Unless the BIOS is going actively enable the standard CXL topology with
ACPI0017 then I think it should be hands off for the OS. The maintenance
burden of some of the hack to work around missing BIOS descriptions is
non-trivial, and it is still early days to encourage BIOS vendors to
enable what is needed and set end user expectations that these
pre-requisites exist.

As far as I can see this enabling adds an additional CXL "root" device
and I do not think userspace should need to care if a CXL 2.0 device is
attached to an RCH or not.

> Another plus, the CXL hierarchy becomes visible for RCD mode in sysfs
> and the device hierarchy.
> 
> Reusing the existing infrastructure for this makes sense.

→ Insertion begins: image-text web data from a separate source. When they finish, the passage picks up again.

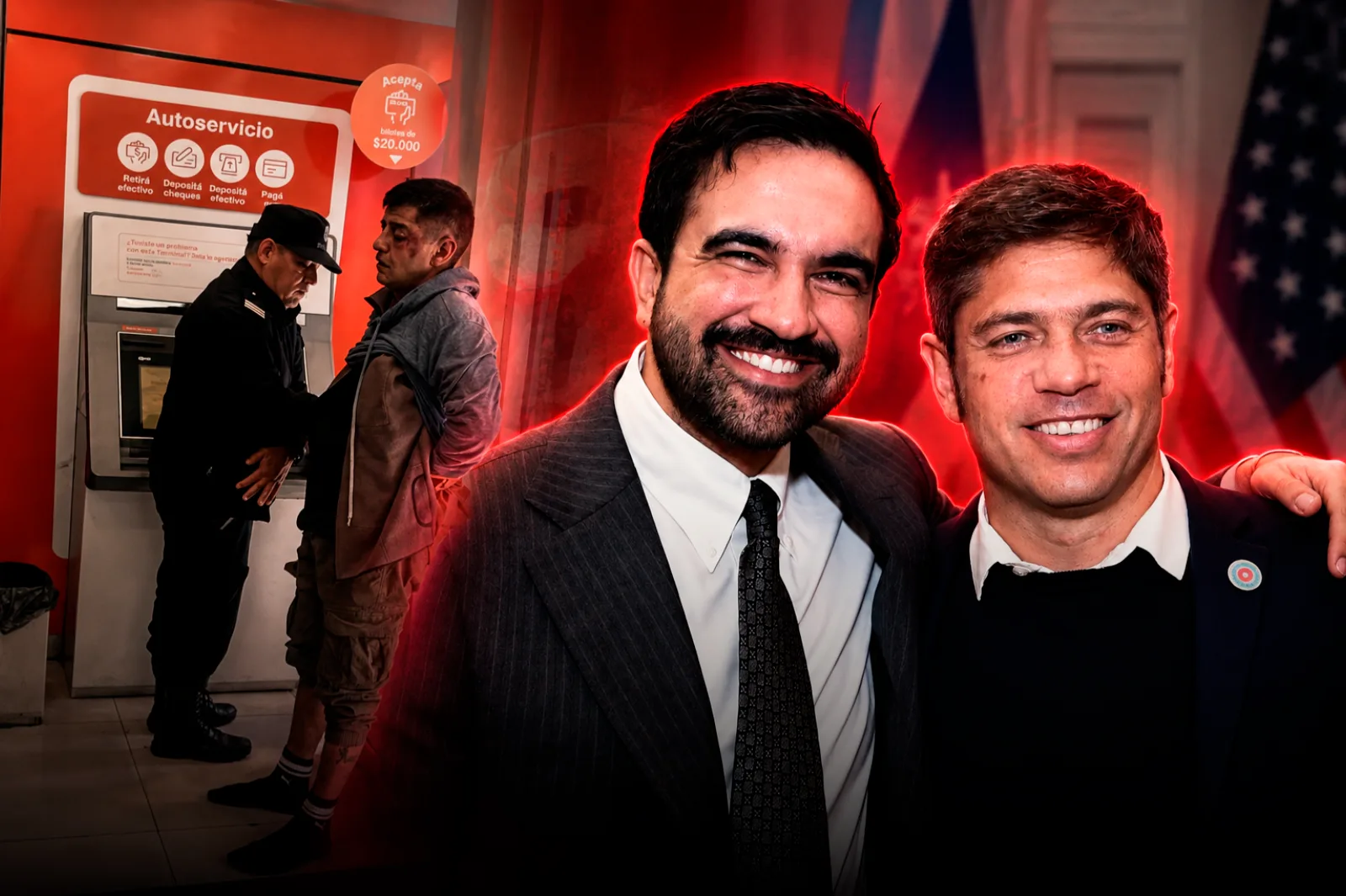 Attempted robbery and shooting at a bank in La Matanza while Axel Kicillof is traveling in the US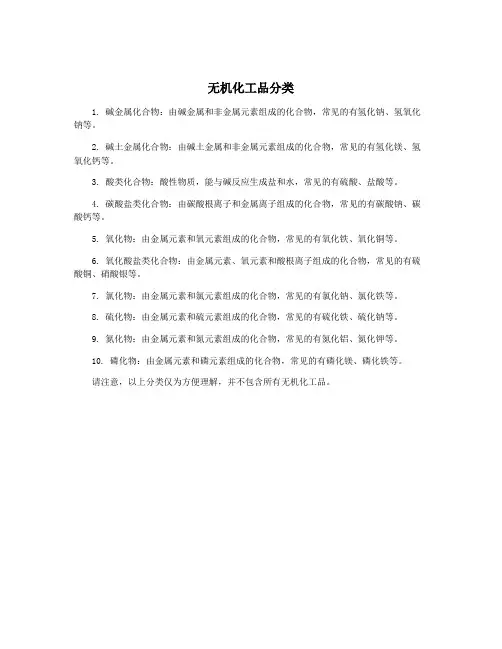 无机化工品分类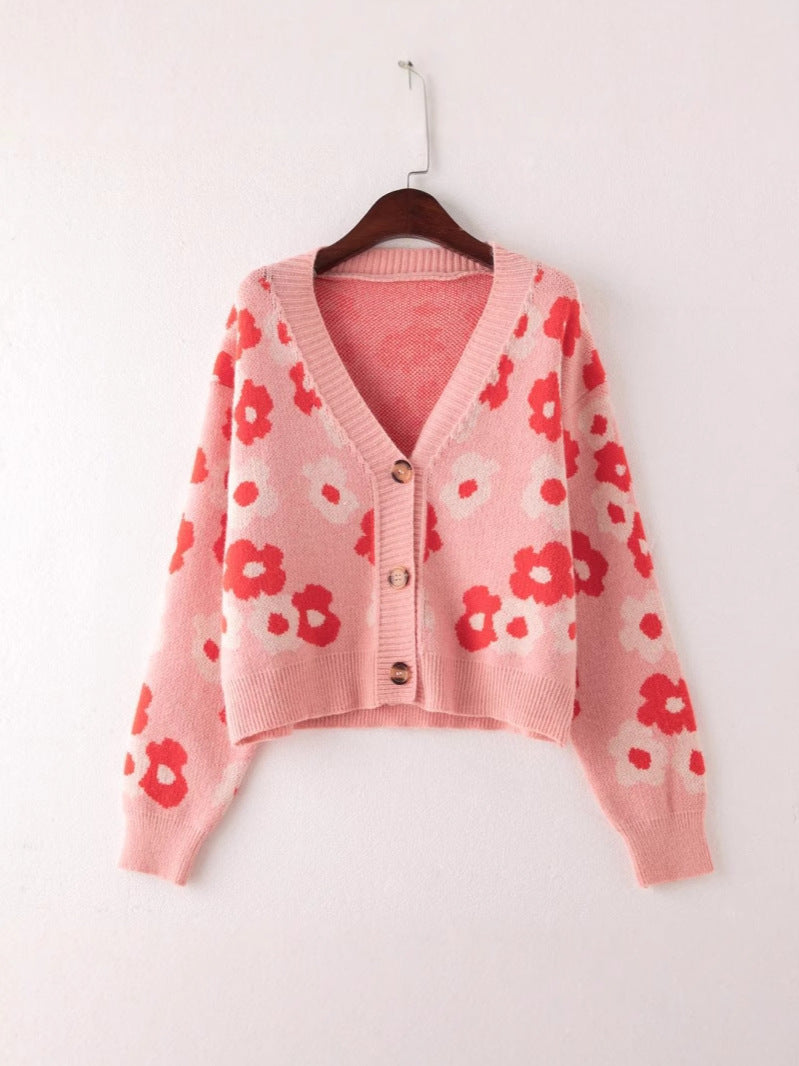 Damen cardigan mit floralem Muster und Knopfdetails Krohn-e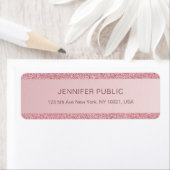 Étiquette Rose Gold Parties scintillant Elegant Modèle Adres (En situation)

Many
> features overlap in both modes (e.g. RAS, mailbox again, or topology
> information).

RAS only if OS first is supported by the BIOS. Mailbox support happens
with or without a CXL root device. The topology information is certainly
important in OS first error handling, but if its firmware first its
going to have its own FRU id scheme. Much of the common case topology
information for the RCH case (like which RCIEP is hosting which CXL address
range) is covered by this pending lspci update:

https://github.com/pciutils/pciutils/pull/59:

...although that needs some help to get over the goal line.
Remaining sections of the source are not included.